I have obtained a large Chinese books database. People can't get these files online now so there is an urgent need to upload them. I have uploaded file published 95 year ago (1209-1899 1900-1910 1911-1920 1921-1926) because they have entered PD in US and highly likely author died over 50 year. How to upload books published 1927-1949? I can't verify one by one myself due to the large number. There are two ways:

  1. Publish the book list and request users identify PD books and copy to another list. I will upload the identified PD books. Pro: Good copyright protection. Con: Author information is difficult to find for the old authors. Only a small proportion is expected to be uploaded.
  2. Publish the book list and request users to delete non-PD books from the list. Then I will upload every book remain on the list. If non-PD books not removed by users were uploaded and found to be non-PD after the upload, then any user could report to delete them. Pro: A large proportion will be uploaded, which is good for the preservation of old books. Cons: It will increase the workload for admins to delete after the upload.

Which way should I upload them? Please comment.

我获得了许多中文书籍。人们现在无法在线获取这些文件,因此迫切需要上传它们。但是,有些人进入了公有领域(PD),而其他则没有。我应该如何上传它们?由于美国保护期为95年,而且这时期出版图书的绝大部分作者已经去世超过了50年,我已经上传了95年前出版的图书(1209-1899 1900-1910 1911-1920 1921-1926)。由于数量众多,我无法自己一一验证。对于1927-1949年出版的图书,由于数量众多,我无法自己一一验证,有两种上传方法:

  1. 发布图书列表,并请求用户识别 PD 图书并复制到另一个列表。 我将上传已识别的 PD 书籍。 优点:良好的版权保护。 缺点:老作者很难找到作者信息。 预计只有一小部分图书会被上传。
  2. 发布图书列表,并请求用户从列表中删除非 PD 图书。 然后上传每一本保留在列表中的图书。 如果非 PD 图书没有被用户删除,上传后发现是非 PD,则任何用户都可以举报删除。 优点:会上传很大一部分,有利于旧书的保存。 缺点:会增加管理员上传后删除的工作量。

请问哪个方案比较好?请留言。

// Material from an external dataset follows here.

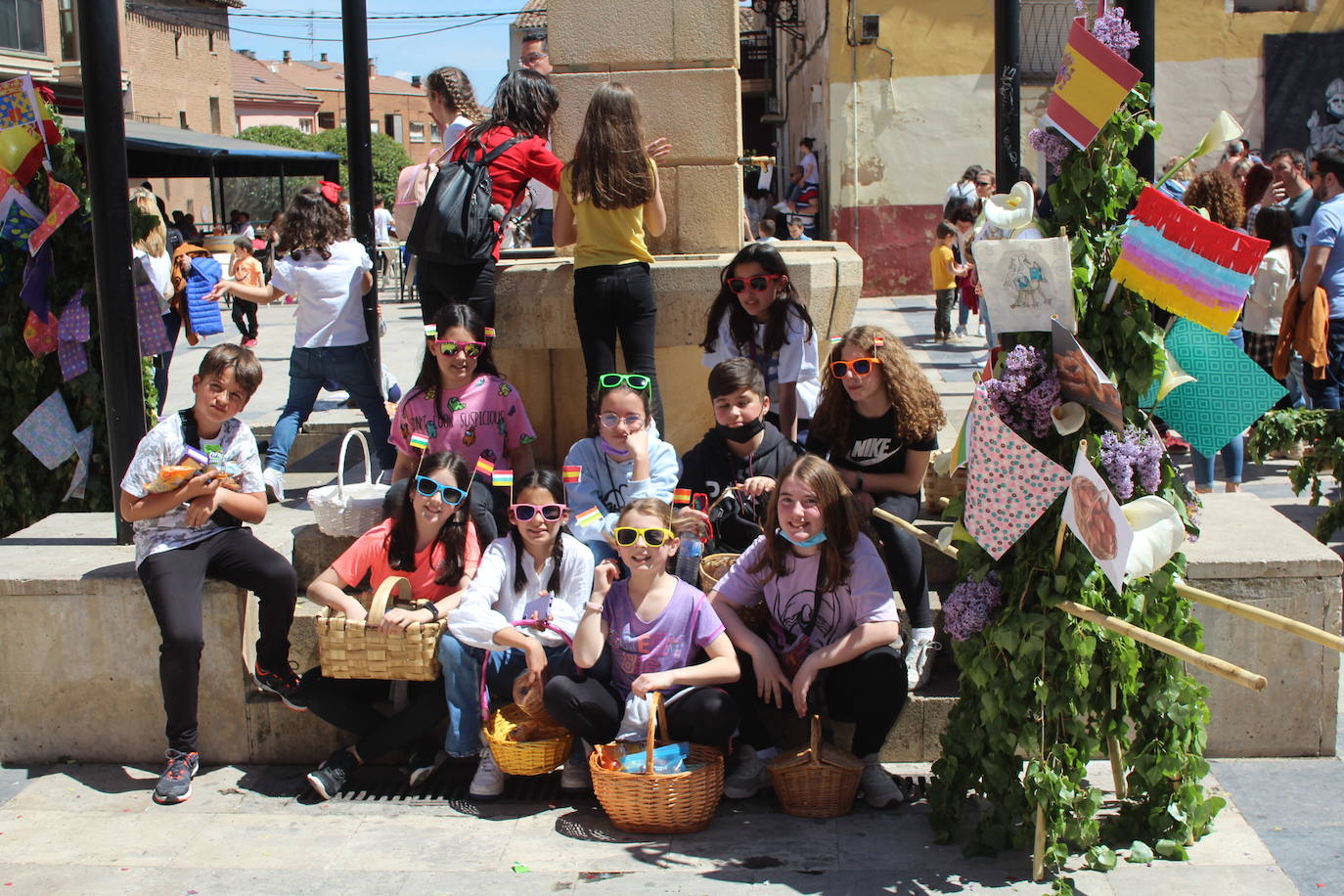 Fotos: Los Mayos de Lardero hacen bullir la plaza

--Upload for Freedom (talk) 13:03, 5 November 2022 (UTC)Reply[reply]

Scheme 1[edit]

Scheme 2[edit]

  • Symbol support vote.svg Support This is a good balance between copyright protection and old book prevervation. The perspect of a global nuclear war is looming, so there is an urgent need to upload. --Upload for Freedom (talk) 03:00, 8 November 2022 (UTC)Reply[reply]

Comments[edit]

直帹丄傳絟蔀口巴,仮罡φ忟蝂權沒仒СаRЁ。--RZuo (talk) 07:42, 8 November 2022 (UTC)Reply[reply]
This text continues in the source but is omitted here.